TO DO - Please give back, exactly as written, the lines from the line with "1848 - BORDEAUX, Gironde, Petit" to the line with "Damen Sportliche Sneakers" in the listing below, leaving out all pictures.

TASK INPUT -
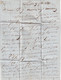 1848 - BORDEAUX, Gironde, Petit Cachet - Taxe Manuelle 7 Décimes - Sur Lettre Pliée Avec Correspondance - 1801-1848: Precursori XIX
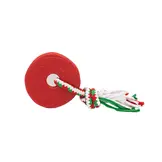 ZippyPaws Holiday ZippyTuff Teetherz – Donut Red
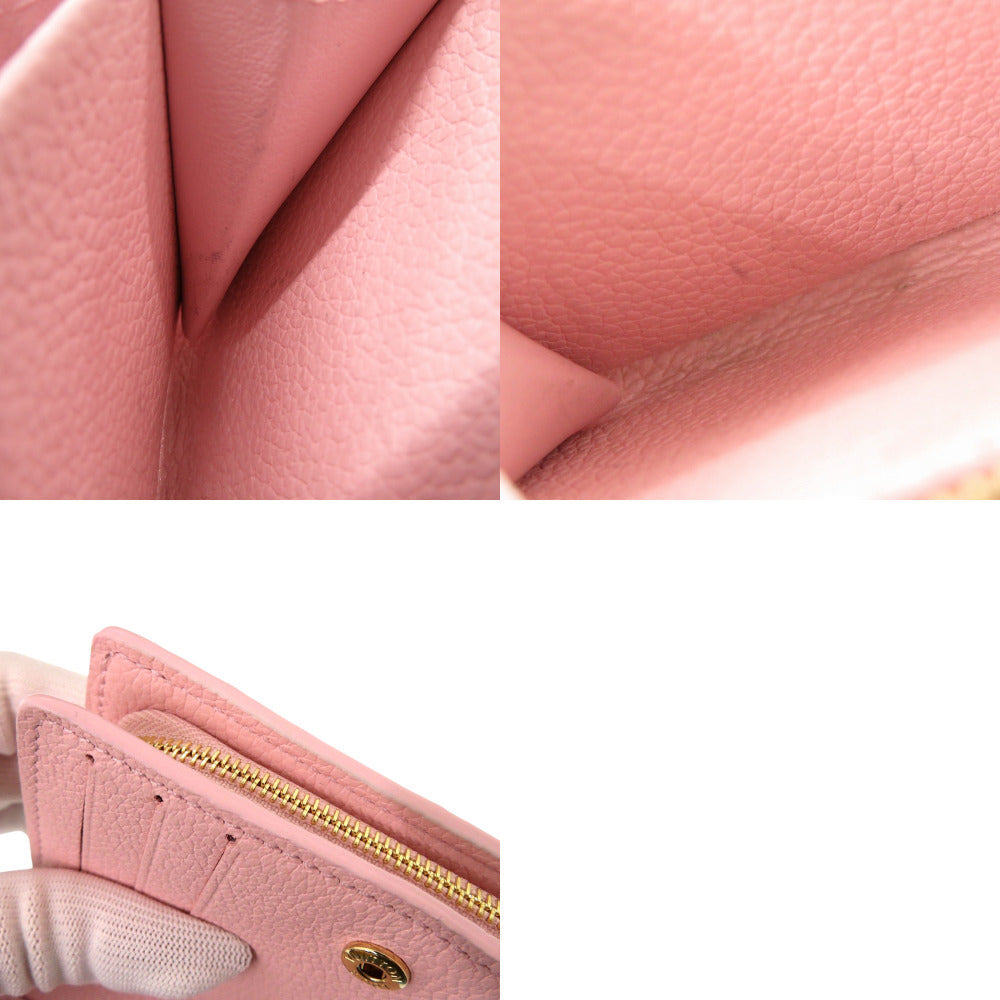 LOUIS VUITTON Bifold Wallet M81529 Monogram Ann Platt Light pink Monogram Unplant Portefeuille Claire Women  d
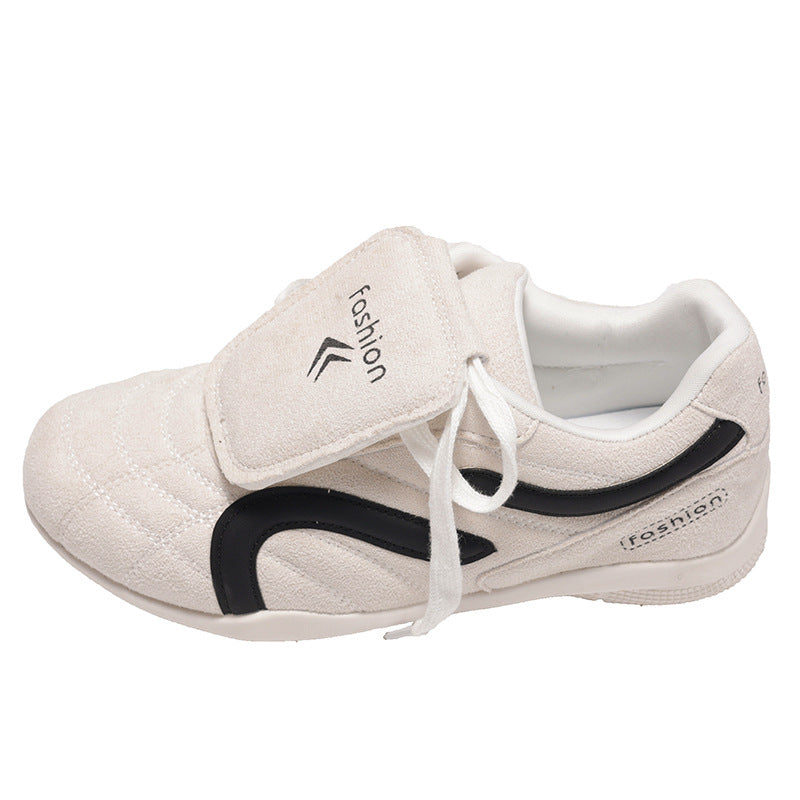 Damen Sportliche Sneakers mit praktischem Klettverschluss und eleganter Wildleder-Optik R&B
* * *
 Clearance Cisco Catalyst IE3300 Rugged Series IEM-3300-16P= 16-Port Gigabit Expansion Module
--
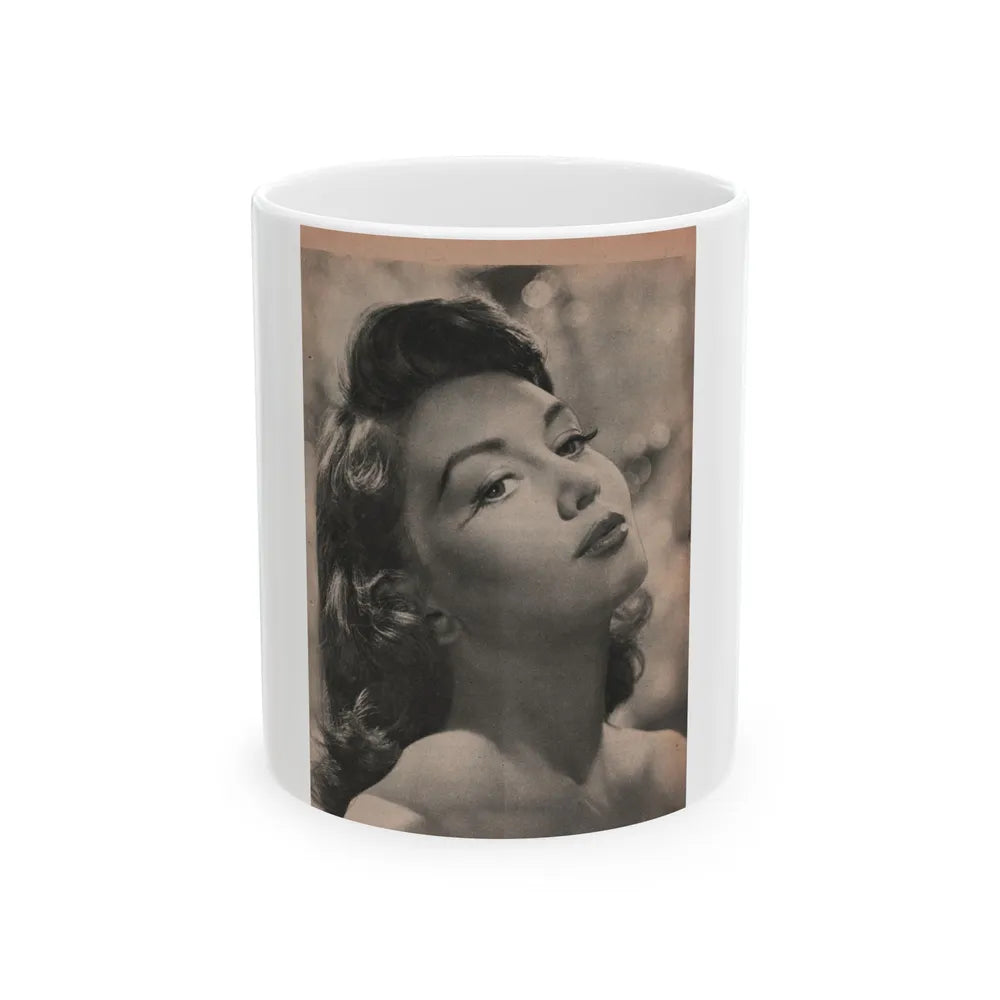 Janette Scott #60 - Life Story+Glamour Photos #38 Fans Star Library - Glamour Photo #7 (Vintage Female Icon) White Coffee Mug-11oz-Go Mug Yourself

ANSWER FOR THE TASK -
 1848 - BORDEAUX, Gironde, Petit Cachet - Taxe Manuelle 7 Décimes - Sur Lettre Pliée Avec Correspondance - 1801-1848: Precursori XIX
 ZippyPaws Holiday ZippyTuff Teetherz – Donut Red
 LOUIS VUITTON Bifold Wallet M81529 Monogram Ann Platt Light pink Monogram Unplant Portefeuille Claire Women  d
 Damen Sportliche Sneakers mit praktischem Klettverschluss und eleganter Wildleder-Optik R&B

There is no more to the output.